DETAILED ACTION
Notice of Pre-AIA or AIA Status
The present application, filed on or after March 16, 2013, is being examined under the first inventor to file provisions of the AIA .
Claim Rejections - 35 USC § 112
The following is a quotation of 35 U.S.C. 112(b):
(b) CONCLUSION.—The specification shall conclude with one or more claims particularly pointing out and distinctly claiming the subject matter which the inventor or a joint inventor regards as the invention.
The following is a quotation of 35 U.S.C. 112 (pre-AIA ), second paragraph:
The specification shall conclude with one or more claims particularly pointing out and distinctly claiming the subject matter which the applicant regards as his invention.
Claim 16 is rejected under 35 U.S.C. 112(b) or 35 U.S.C. 112 (pre-AIA ), second paragraph, as being indefinite for failing to particularly point out and distinctly claim the subject matter which the inventor or a joint inventor (or for applications subject to pre-AIA 35 U.S.C. 112, the applicant), regards as the invention.
Claim 16 recites the limitation "the second ML mode" in line 8, and “the one or more receives” in line 10. There is insufficient antecedent basis for these limitations in the claim.
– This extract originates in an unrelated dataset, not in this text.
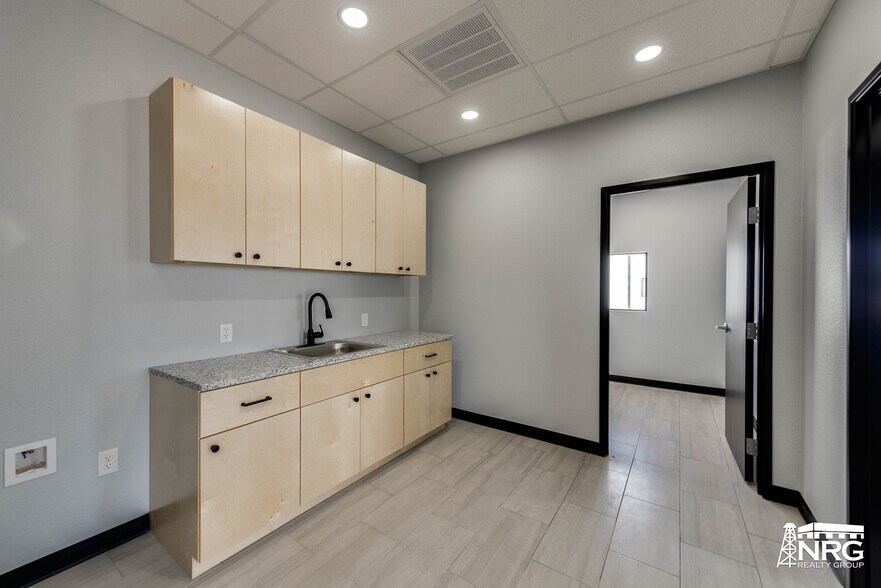 More Photos Of 1208 S Midland Dr, Midland Warehouse For Lease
For the purposes of compact prosecution, “the second ML mode” will be read as “the second ML model”, and “the one or more receives” will be read as “the one or more receivers”.
Claim Rejections - 35 USC § 102
The following is a quotation of the appropriate paragraphs of 35 U.S.C. 102 that form the basis for the rejections under this section made in this Office action:
A person shall be entitled to a patent unless –
(a)(1) the claimed invention was patented, described in a printed publication, or in public use, on sale, or otherwise available to the public before the effective filing date of the claimed invention.
Claims 1-6, 11-16, and 19-20 are rejected under 35 U.S.C. 102(a)(1) as being anticipated by Lovchinsky et al., U.S. Publication No. 2023/0254650, published on August 10, 2023 (Lovchinsky).
As to Claim 1, Lovchinsky discloses a method, comprising: receiving, by a processing system, reference audio data [804] representing one or more voices (training data [804] comprising audio clips of a speaker or speakers; para. 0126, lines 1-5); generating, by the processing system and using a first machine learning (ML) model [808], an embedding of the reference audio data (a voice signature [622, 824], is created; para. 0128, lines 1-8); receiving, by the processing system, live audio data [620] representing sound detected by one or more microphones [402] of one or more hearing instruments [400] (an audio signal is received from a hearing device microphone; para. 0100, lines 12-14); generating, by the processing system, an input spectrogram of the live audio data [620] (the live audio data is converted to the frequency domain; para. 0103, lines 9-14); using, by the processing system, a second ML model [602] to generate a masked spectrogram (a frequency domain output [610] is formed; para. 0108 lines 8-11) based on the embedding and the input spectrogram, wherein the masked spectrogram represents a version of the live audio data in which portions of the live audio data spoken in the voices represented by the reference audio data are enhanced (a mask created by the reference audio data is applied to the input audio signal to yield the output [610] which is isolated speech; para. 0107); and causing, by the processing system, one or more receivers of the one or more hearing instruments to output sound based on the masked spectrogram (the output [610] is recombined to output on a receiver of an ear-worn device; para. 0101).
As to Claim 2, Lovchinsky remains as applied above to Claim 1. Lovchinsky further discloses that the first ML model [808] is a first neural network (para. 0155) and the second ML model [602] is a second neural network (para. 0105).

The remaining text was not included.